◆ **TASK ITEM**
All that is needed is the lines from the one containing "Foto 2 de Casa" through the end of the listing, printed exactly, with no pictures among them.

_ _ _ _ _ _ _

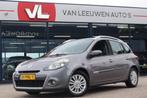 Renault Clio Estate 1.2 TCE Collection | Airco | LM-Velgen |, Auto's, Renault, Voorwielaandrijving, Euro 5, Gebruikt, Zwart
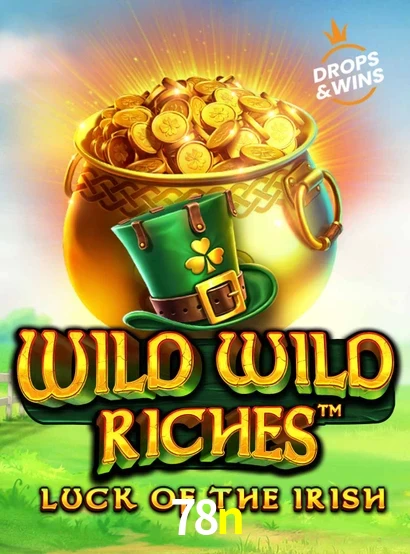Os Encantos das Slots no 78n: Diversão em Cada Giro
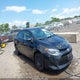 2T1BURHE1JC989743 2018 Toyota Corolla Le auction photo thumbnail 6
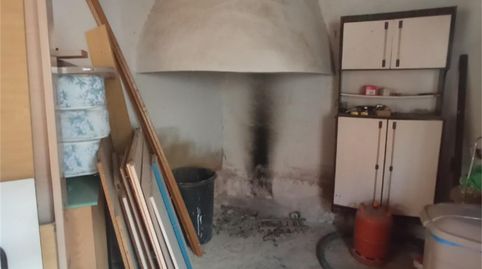 Foto 2 de Casa adosada en venta en Calle San Isidro, 1, Pedanías - Extrarradio, Albacete Capital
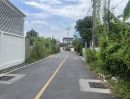 ขายที่ดิน - ขายที่ดิน 100 ตารางวา ซอยวัดพุฒิฯ ต.บางศรีเมือง ห่างถนนราชพฤกษ์ 110 เมตร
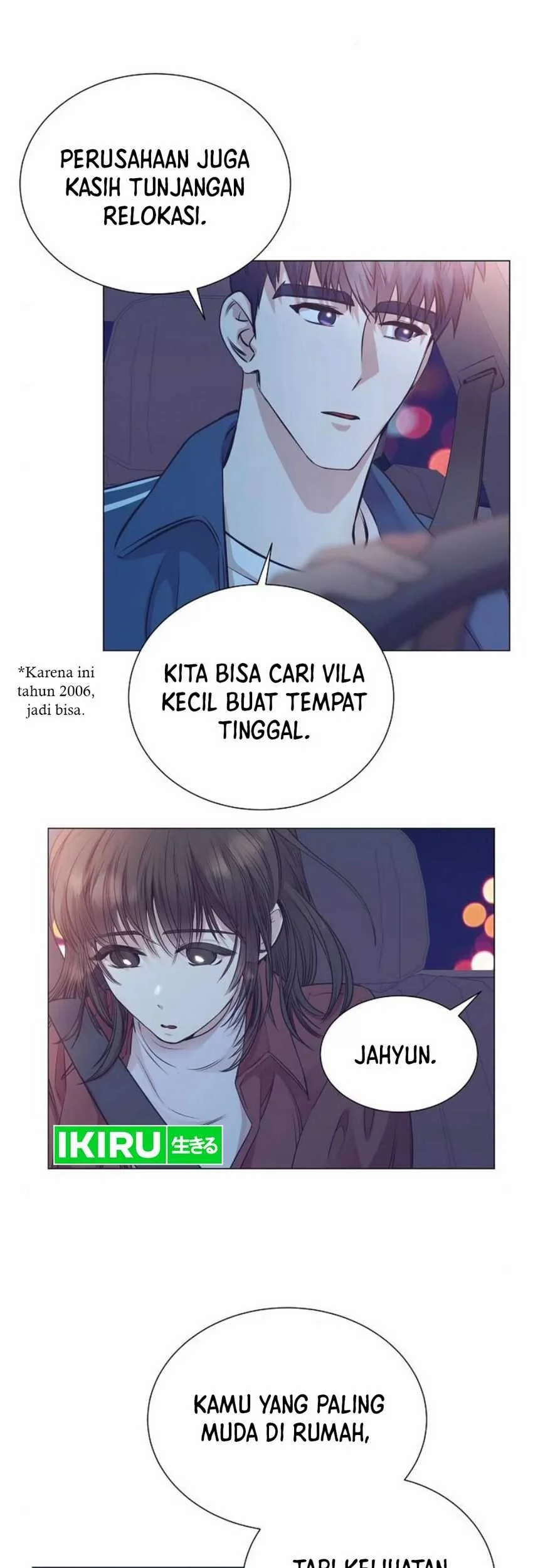 Chapter 61 - halaman 39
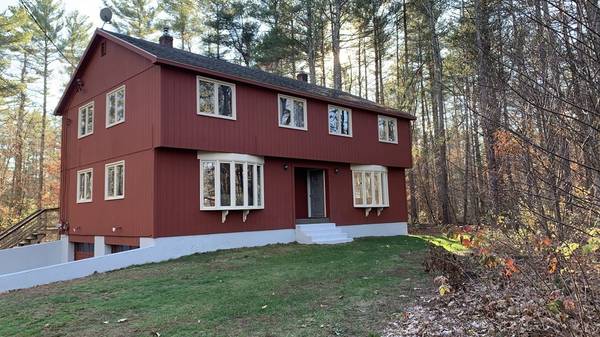 158 Beaman Rd #A, Sterling, MA 01564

_ _ _ _ _ _ _

◆ **EXERCISE SOLUTION**
 Foto 2 de Casa adosada en venta en Calle San Isidro, 1, Pedanías - Extrarradio, Albacete Capital
 ขายที่ดิน - ขายที่ดิน 100 ตารางวา ซอยวัดพุฒิฯ ต.บางศรีเมือง ห่างถนนราชพฤกษ์ 110 เมตร
 Chapter 61 - halaman 39
 158 Beaman Rd #A, Sterling, MA 01564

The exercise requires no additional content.